O presidente da Ucrânia, Volodymyr Zelensky, afirmou estar "profundamente entristecido" com a morte de Graham, descrevendo-o como um "verdadeiro defensor da liberdade e dos valores que tornam nosso mundo mais seguro".
Benjamin Netanyahu, primeiro-ministro de Israel, também lamentou publicamente a morte, descrevendo Graham como "um grande amigo de Israel" e "querido amigo meu". Netanyahu ressaltou que Graham compreendia a inseparabilidade da segurança israelense e norte-americana, dedicando sua vida à defesa dos EUA e fortalecimento da aliança bilateral.
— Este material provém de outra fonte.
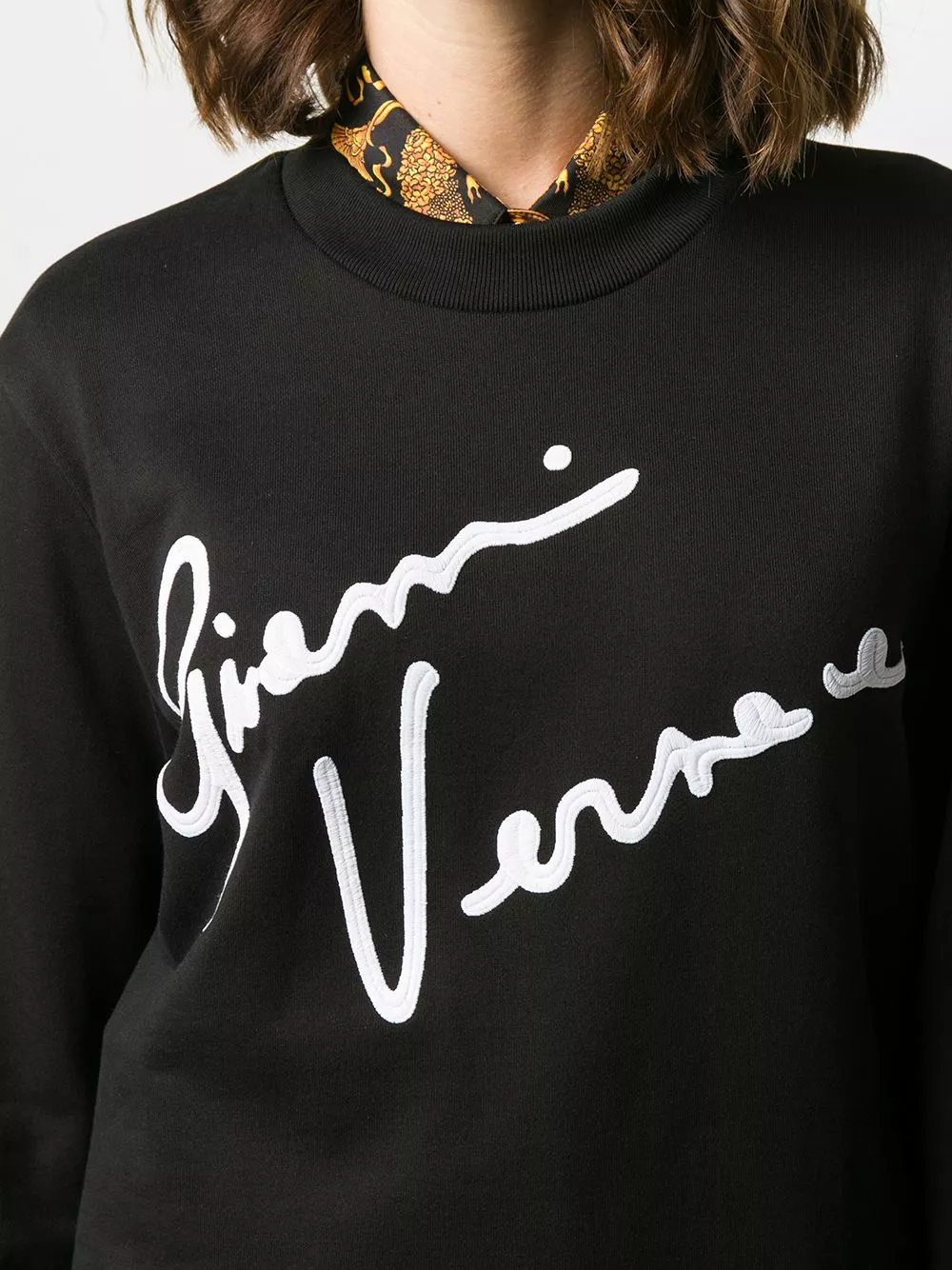 Versace GV Signature crew neck sweatshirt 7 Versace GV Signature crew neck sweatshirt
Carreira e trajetória política
Lindsey Graham construiu uma carreira superior a três décadas na política norte-americana. Nascido em família de classe média baixa na cidade de Central, na Carolina do Sul, Graham cresceu auxiliando seus pais, proprietários de um bar contíguo à residência familiar. Formou-se em Direito antes de ingressar na vida pública.
Sua trajetória eleitoral iniciou em 1992, quando foi eleito deputado estadual após atuar como advogado na Justiça Militar e na Justiça comum. A projeção nacional começou em 1999, quando integrou a comissão da Câmara dos Representantes que aprovou o processo de impeachment do então presidente Bill Clinton.
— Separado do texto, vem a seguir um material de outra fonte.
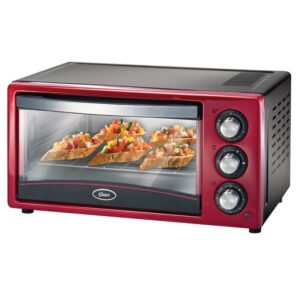 Mini Forno Elétrico Oster Compact Gran Taste Tssttv15ltr-017 127v Vermelho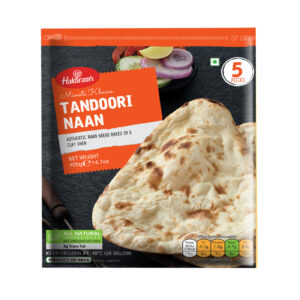 Delectable Tandoori Naan - Haldiram - India Supermarkt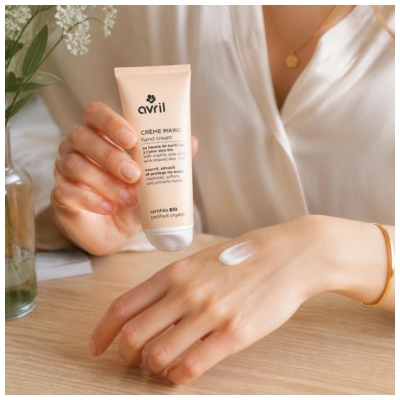 Avril Crème pour les Mains Nourrissante Bio 100 ml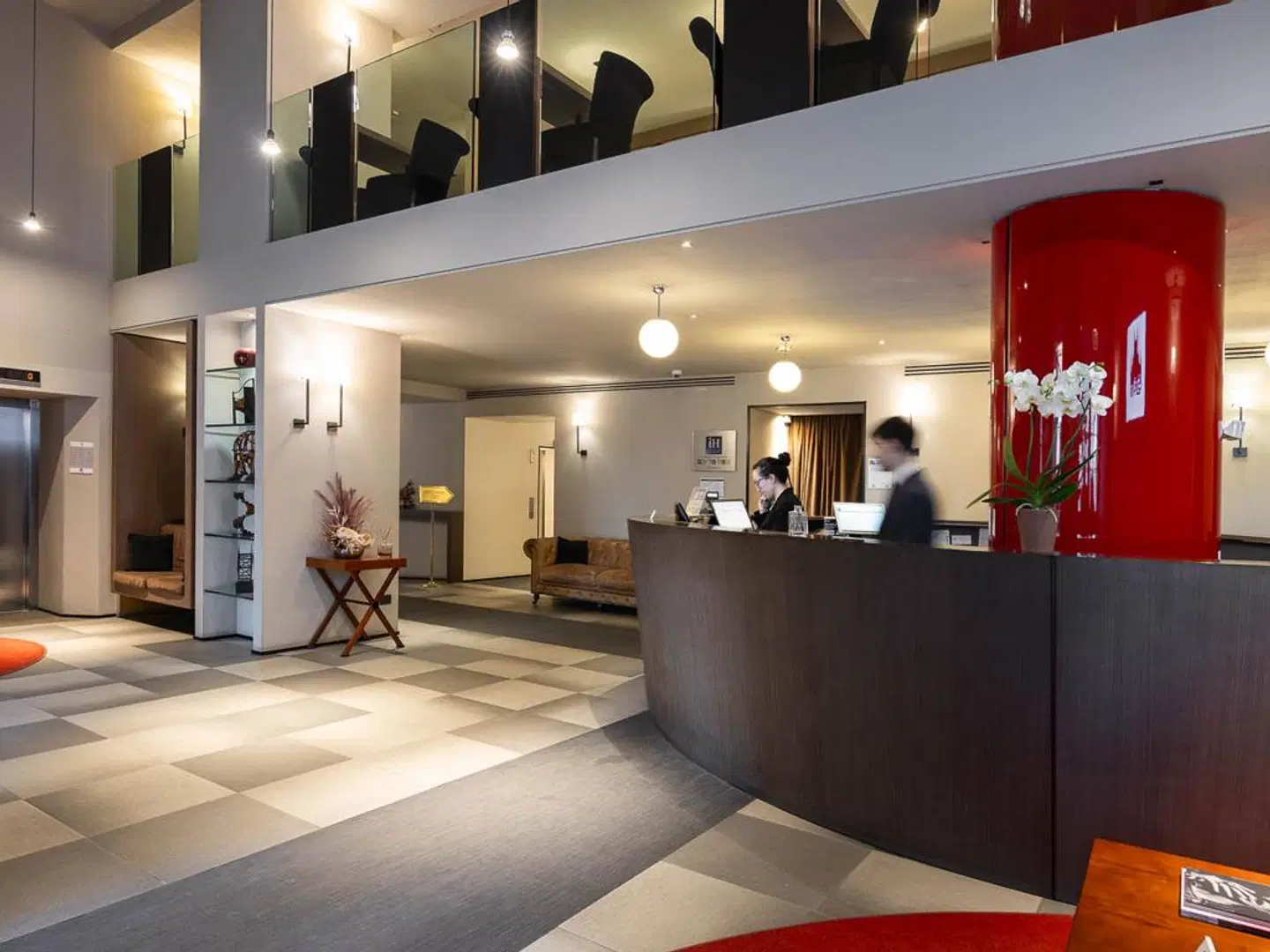 iH Hotels Milano Ambasciatori LOUNGE_LOBBY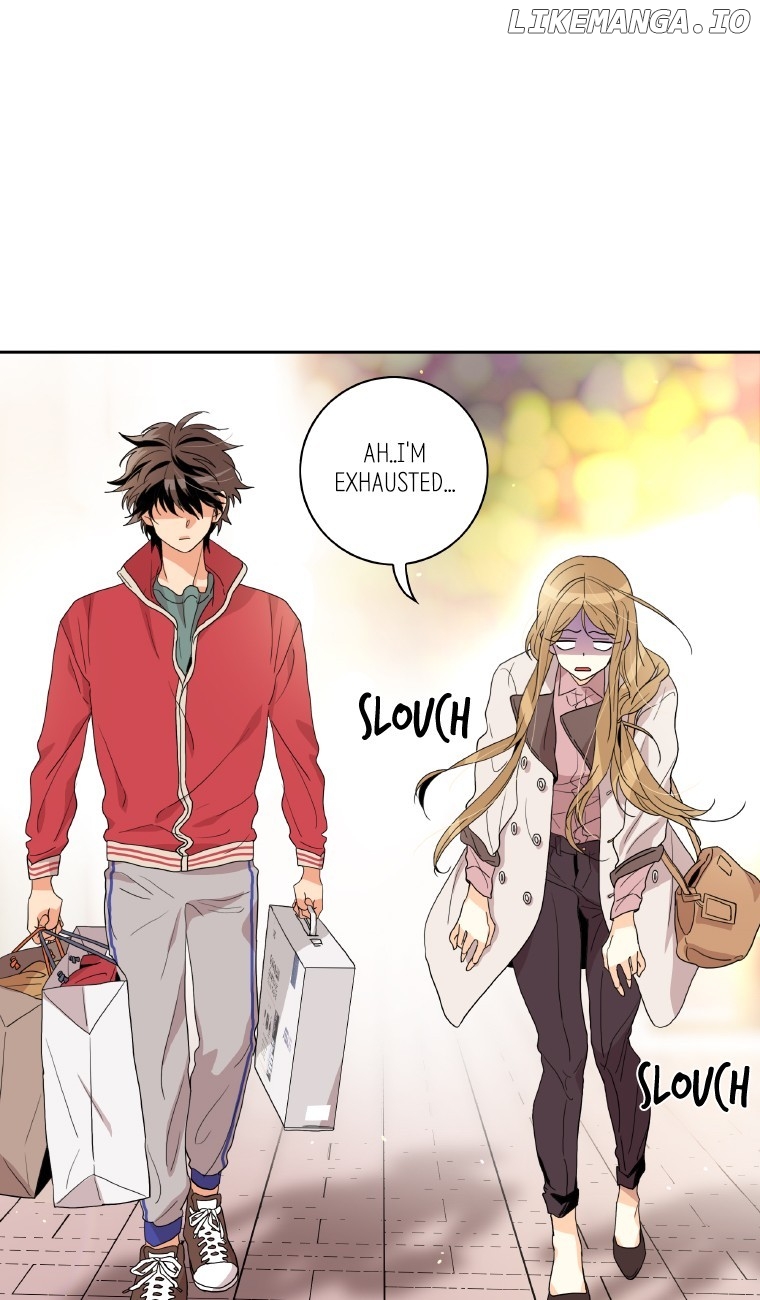 Why Did You Come To My Home chapter 8 - page 55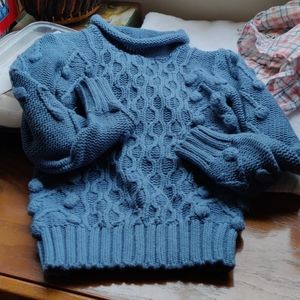 Kids turtle neck sweater 5 years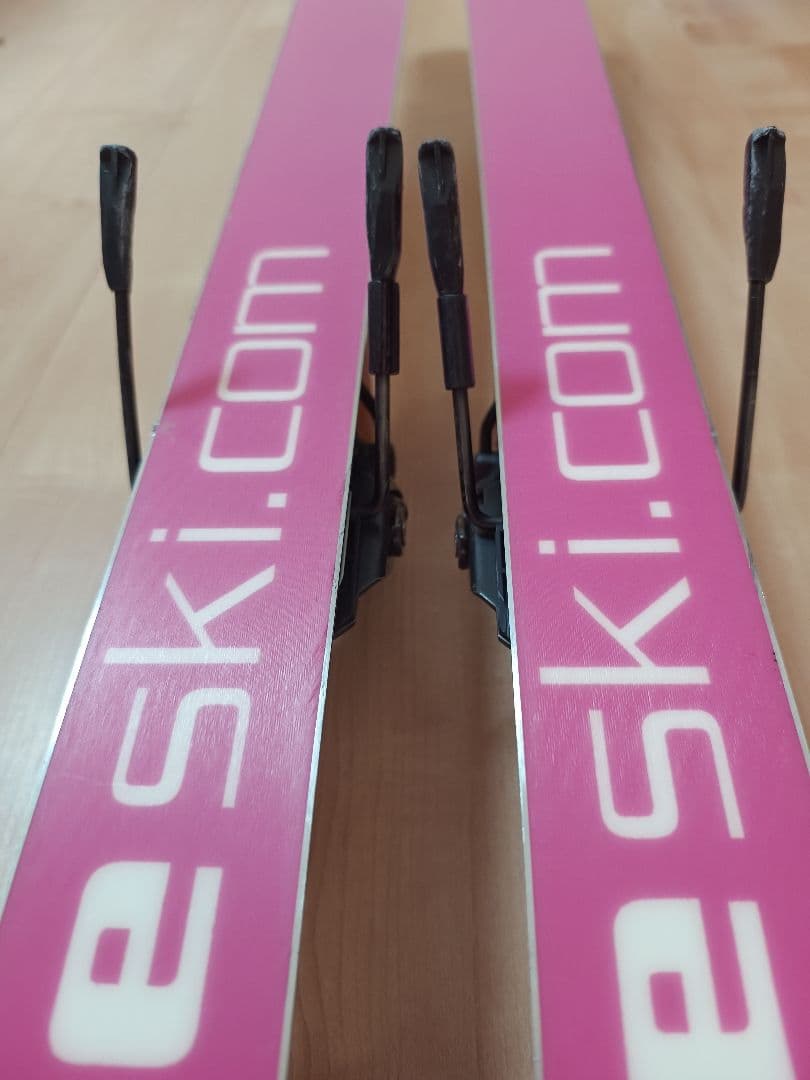 ID-one MR-SG ゴールド + Look pivot コッパーブラウン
Graham foi eleito para o Senado dos Estados Unidos em 2002 e estava em seu quinto mandato, planejando concorrer à reeleição em novembro daquele ano. Ocupava a presidência do Comitê de Orçamento do Senado e era uma das vozes mais influentes da política externa norte-americana.
Comissões legislativas e responsabilidades
Recentemente, Graham presidia a Comissão de Orçamento do Senado. Além disso, integrava a Comissão de Apropriações, a Comissão Judiciária e a Comissão de Meio Ambiente e Obras Públicas do Senado, consolidando sua influência nas principais decisões legislativas do país.
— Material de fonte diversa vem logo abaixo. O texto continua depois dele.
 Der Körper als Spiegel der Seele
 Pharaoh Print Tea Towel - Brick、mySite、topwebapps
Evolução da relação com Trump
A relação entre Graham e Trump começou de forma conturbada. O senador chegou a afirmar que o então empresário era "inapto para o cargo" e utilizou linguagem depreciativa após Trump fazer comentários negativos sobre o ex-senador John McCain, melhor amigo de Graham no Senado.
McCain, Graham e o ex-senador Joe Lieberman eram conhecidos como os "Três Amigos" e viajavam frequentemente pelo mundo para defender uma política externa mais intervencionista dos Estados Unidos.
Entretanto, Graham mudou significativamente de posição após a vitória eleitoral de Trump. O senador tornou-se um dos principais aliados presidenciais, passou a manter contatos frequentes com ele e tornou-se presença constante em partidas de golfe, enquanto McCain permanecia como crítico do presidente.
Graham chegou a romper com Trump após a invasão do Capitólio por apoiadores presidenciais em 6 de janeiro de 2021, declarando: "Estou fora. Já chega." Porém, pouco tempo depois, voltou a se aproximar de Trump, permanecendo como aliado durante seu segundo mandato.
Impactos políticos e sucessão
Os republicanos mantêm atualmente uma maioria apertada de 53 a 47 cadeiras no Senado. Conforme a lei da Carolina do Sul, o governador Henry McMaster, também republicano, deverá nomear um substituto temporário para Graham, permanecendo no cargo até janeiro.
McMaster afirmou, em nota oficial, que Graham é "insubstituível", descrevendo-o como "o mais feroz dos defensores da Carolina do Sul e da América — e um amigo leal e firme".
Graham não era casado e não tinha filhos. Sua parente viva mais próxima é a irmã Darline Graham Nordone, que ele ajudou a criar após perderem os pais.
Legado em política externa
Graham defendeu durante décadas uma política externa favorável ao uso estratégico da força militar pelos Estados Unidos e ao fortalecimento robusto da defesa nacional. Na semana anterior ao seu falecimento, participou de delegação em Kiev, capital da Ucrânia, anunciando acordo para avançar em pacote de maiores sanções dos EUA à Rússia.
John Thune, líder da maioria no Senado americano, afirmou que "meu coração está pesado ao saber da morte do meu amigo e colega, o senador Lindsey Graham". Thune destacou que "Lindsey dedicou muitos anos à Força Aérea e ao Congresso, levando-o às mais diversas regiões do mundo" e que "foi defensor firme dos Estados Unidos e forte aliado de países que valorizam liberdade".